On people considering him the first African-American WWE Champion and not The Rock: “I think it’s sometimes kind of silly that people try to not count The Rock in that category. Because regardless of what you look like, you are what you are, you know what I’m saying? He’s black. Whether he’s half black, he’s black. But I definitely take a lot of pride in that sentiment like you said. I think for a long time, people of color, especially African Americans have been waiting for someone who looks exactly like them to hold that championship title. And I mention it all the time but like, on Twitter and social media, the moment that that happened, I got so many different messages and people in tears. There is a video of actually Shad and MVP crying, you know what I’m saying? And he doesn’t like when I bring that up because he doesn’t like it to be known that he cries because he wants to be a tough guy. It just means a lot to be able to — what’s important for me in this business is to be somebody that inspires other people to go out and do great things.”

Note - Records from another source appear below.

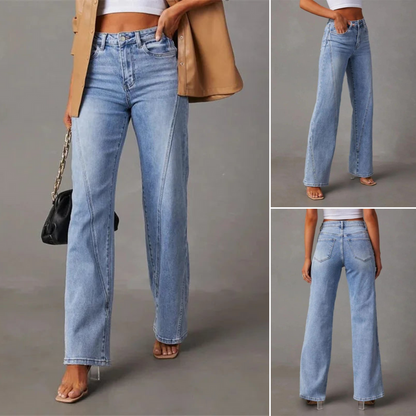 Adèle – Jean Large Taille Haute pour Femme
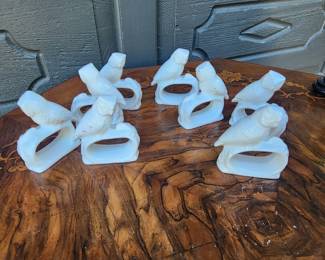 OWL PORCELAIN NAPKIN RINGS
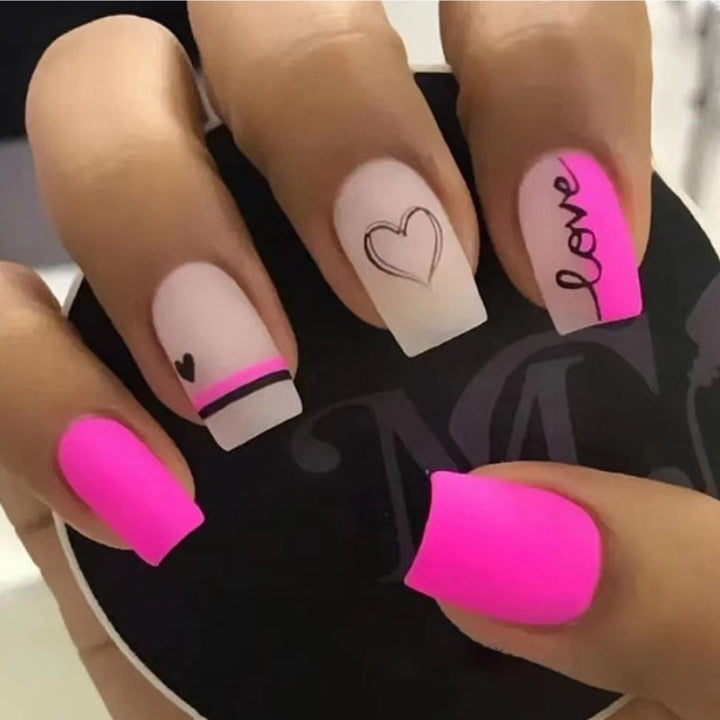 Artistic Love-Themed Nail Art Enhancements Stornfield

On his long road to the title: “This was never, like — my goal was to become WWE Champion at some point, but I never sat back and said, ‘You know what? I want to be the first African-American or African-born WWE Champion.’ It just started happening. And again, I think about the fact that if Ali doesn’t get hurt right before Elimination Chamber, does this happen? You know, are we even talking about this moment? Because this wasn’t part of the plan. It’s not like someone came up to me 11 years ago and said, ‘You know what Kofi? For 11 years, we aren’t even going to let you sniff the WWE Championship. We’re not even going to let you have a match. And on the 11th year, we’re going to say that [it’s time].’ This wasn’t written, you know what I’m saying? This just happens organically. And I think that was part of why it was so special was because it happened out of nowhere and then the people started demanding it. And it wasn’t just African Americans, it was people of all different races. And I think to me, that’s the best part, because my story is one of struggle, right? Anybody who has been through anything or has wanted something has had a point in that journey where you think, ‘Hey, can I do this? I don’t know. The cards aren’t looking like they’re lining up.’ But then they can look at my story who stuck with it and fought for 11 years and tried to control what he could control, and just gave it his all for 11 hard years. And finally, the opportunity came and I was ready to capitalize on that opportunity because of all the preparation.”